Among the experts on the screen, only one seemed to make perfect sense to me. This was a pretty, plumpish blond woman with clear blue eyes, who looked the camera straight in the eye, seemed wise and sane, and said that although the questions might be physical, the answers were likely to be metaphysical. Since we can't by definition understand life and the world, we might as well choose a useful way of pretending to.
Sounded good to me, especially compared to the cheerful evasions, paradoxes and conundrums of the other experts. Only after the movie was over did I learn from my wife, who is informed on such matters, that the sane woman who made perfect sense was in fact Ramtha -- or, more precisely Ramtha as channeled by the psychic JZ Knight, who would seem to be quite distinctive enough without leaving the periods out of her name. And who is Ramtha? From Cathleen Falsani, the religion writer of the Sun-Times, I learn that Ramtha is a 35,000-year-old mystical sage from the lost continent of Atlantis. Well, weirder authorities have surfaced. Or maybe not.
"What the Bleep Do We Know," as it is referred to for convenience, is not a conventional documentary about quantum physics. It's more like a collision in the editing room between talking heads, an impenetrable human parable and a hallucinogenic animated cartoon. The parts have so little connection and fit together so strangely that the movie seems to be channel surfing. This is not a bad thing, but wondrously curious. There are three directors and I wonder if they made the movie like one of those party games where you write the first sentence of a story and pass it along, and someone else writes the second sentence and then folds the paper so the third person can't see the first sentence, and so on.

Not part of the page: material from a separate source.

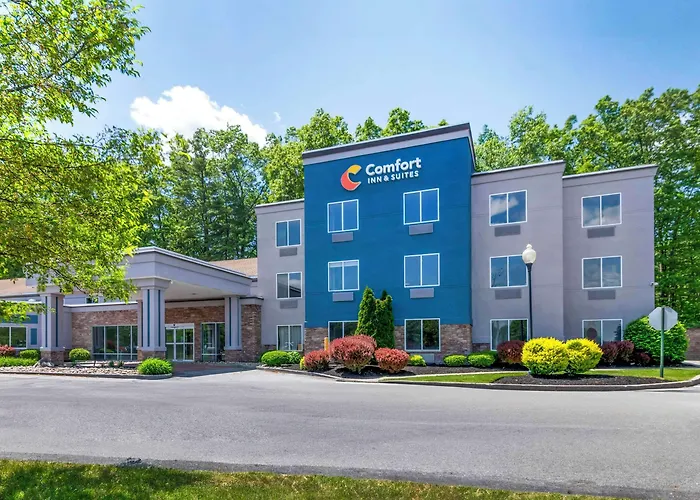 Comfort Inn & Suites Saratoga Springs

We meet many wise men and women from august institutions, who sit in front of bookshelves and landscapes and describe the paradoxes and inexplicabilities of quantum physics. They seem to agree that quantum physics accurately describes the universe, but they don't seem sure about the universe it describes. Perhaps the universe is going into and out of existence at every moment, or switching dimensions, or is a construct of our minds, or is mostly made of nothing. Perhaps we cannot observe it but only observe ourselves as we think we're observing it.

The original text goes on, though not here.